TASK DIRECTIONS: After locating the line that bears "Candy Tree Dropsliert", restate word for word that line and the rest of the listing to its final line, excluding all pictures.

INFORMATION PROVIDED:
________
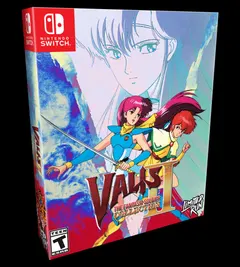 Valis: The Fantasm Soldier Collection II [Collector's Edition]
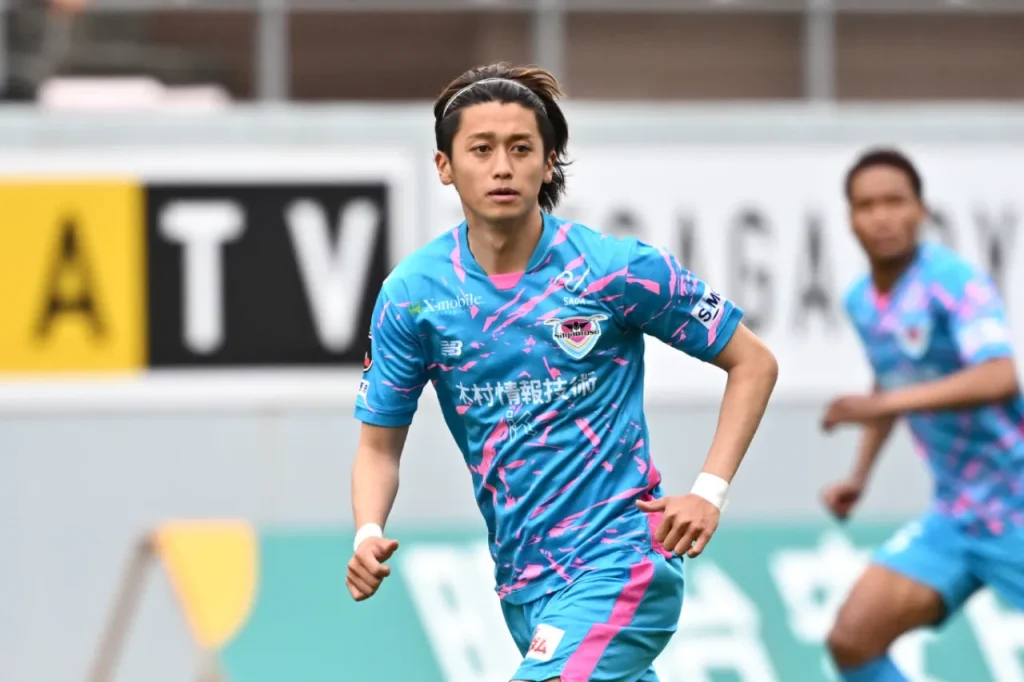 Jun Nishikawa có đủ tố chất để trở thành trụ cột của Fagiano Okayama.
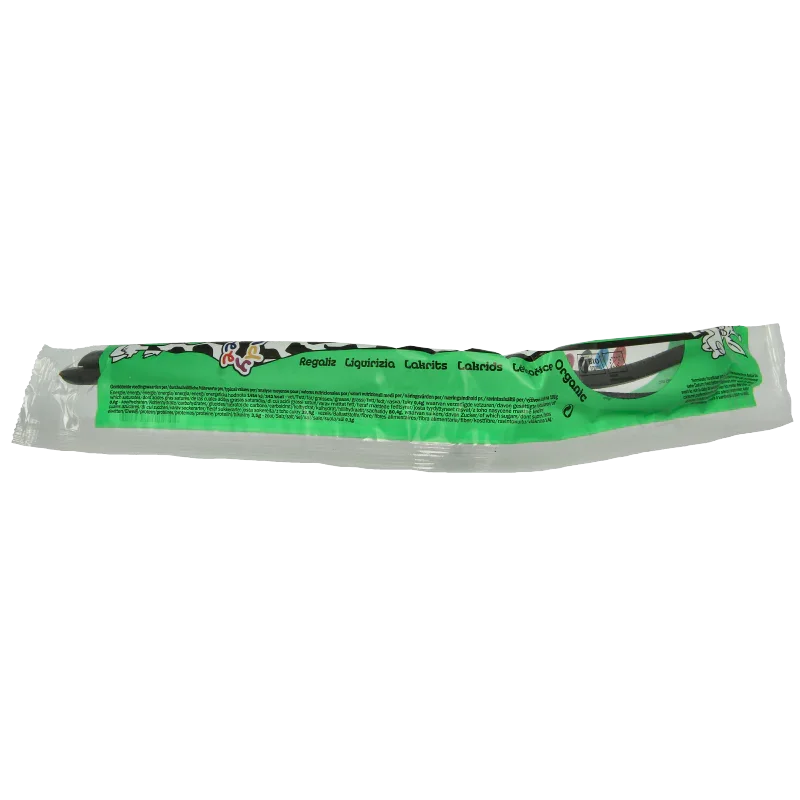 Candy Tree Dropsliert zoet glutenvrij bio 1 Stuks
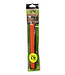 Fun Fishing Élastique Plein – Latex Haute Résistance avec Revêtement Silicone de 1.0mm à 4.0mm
________
ANSWER BOX:
 Candy Tree Dropsliert zoet glutenvrij bio 1 Stuks
 Fun Fishing Élastique Plein – Latex Haute Résistance avec Revêtement Silicone de 1.0mm à 4.0mm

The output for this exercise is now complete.